- Classification: Division I
- Season: 1984–85
- Teams: 10
- Site: Birmingham-Jefferson Convention Complex Birmingham, Alabama
- Champions: Auburn (1st title)
- Winning coach: Sonny Smith (1st title)
- MVP: Chuck Person (Auburn)
- Attendance: 122,900
- Television: Lorimar Sports Network (Entire tournament) NBC (Championship game)

= 1985 SEC men's basketball tournament =

Annual college basketball tournament

The 1985 SEC Men’s Basketball Tournament took place from March 6–9, 1985 at the Birmingham-Jefferson Convention Complex in Birmingham, Alabama. The Auburn Tigers men's basketball team won their first ever SEC Tournament title in the championship game on March 9, 1985. Auburn defeated Alabama 53–49 for the SEC's automatic bid to the 1985 NCAA Men’s Division I Basketball tournament.

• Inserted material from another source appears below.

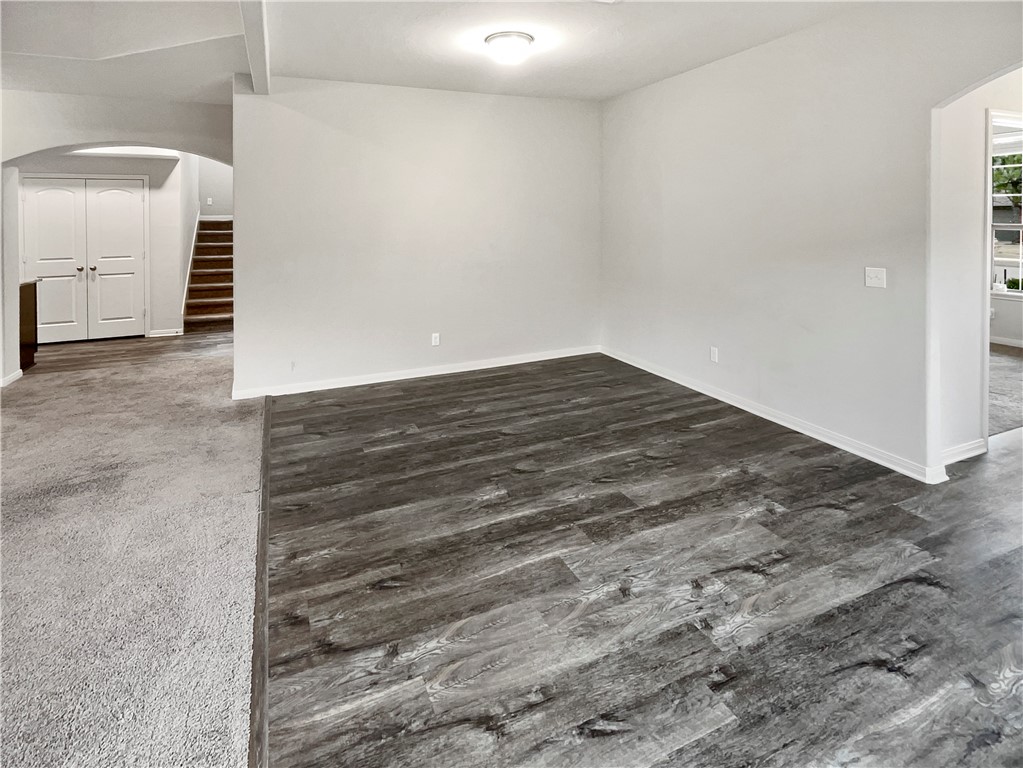 408 E Mobile Terrace
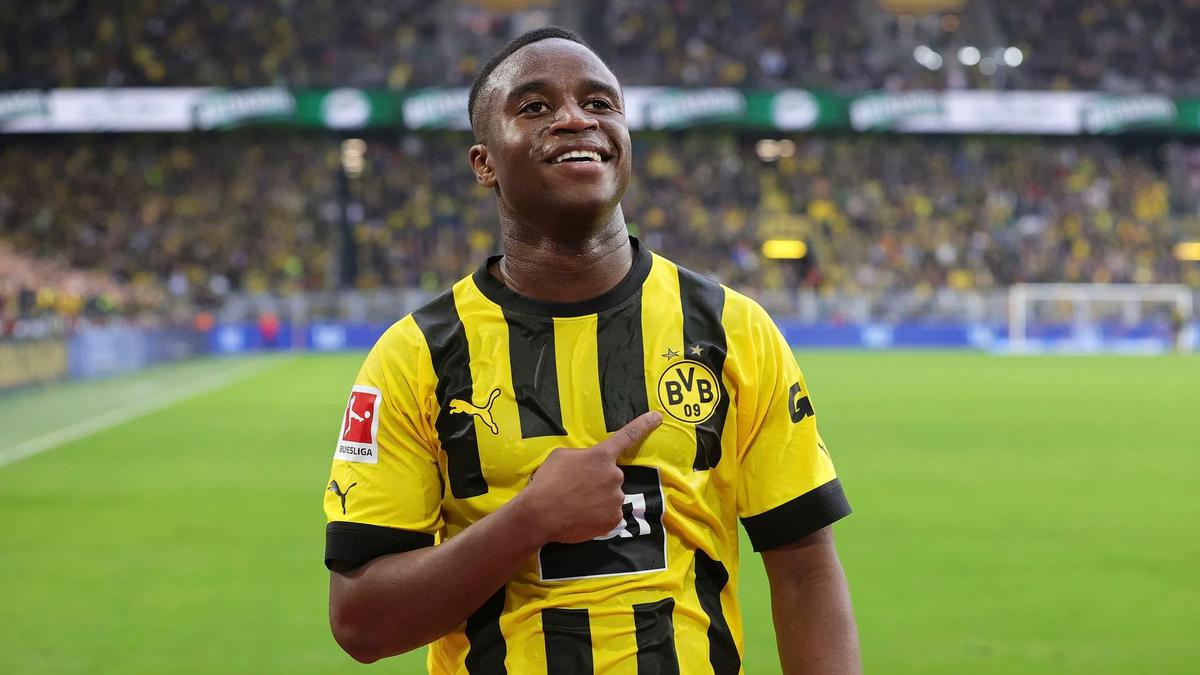 Youssoufa Moukoko, delantero del Borussia Dortmund que podría llegar al Real Betis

Television coverage of the tournament’s first round, the quarterfinals, and semifinals were produced and regionally syndicated by the now-defunct Lorimar Sports Network (formerly Sports Productions, Inc.), the sports broadcasting arm of Lorimar Productions. Outside of the SEC geographical footprint, the championship game was nationally televised on NBC via that network’s in-house sports division, NBC Sports (With Marv Albert and Bucky Waters handling the Play by Play and Color respectively).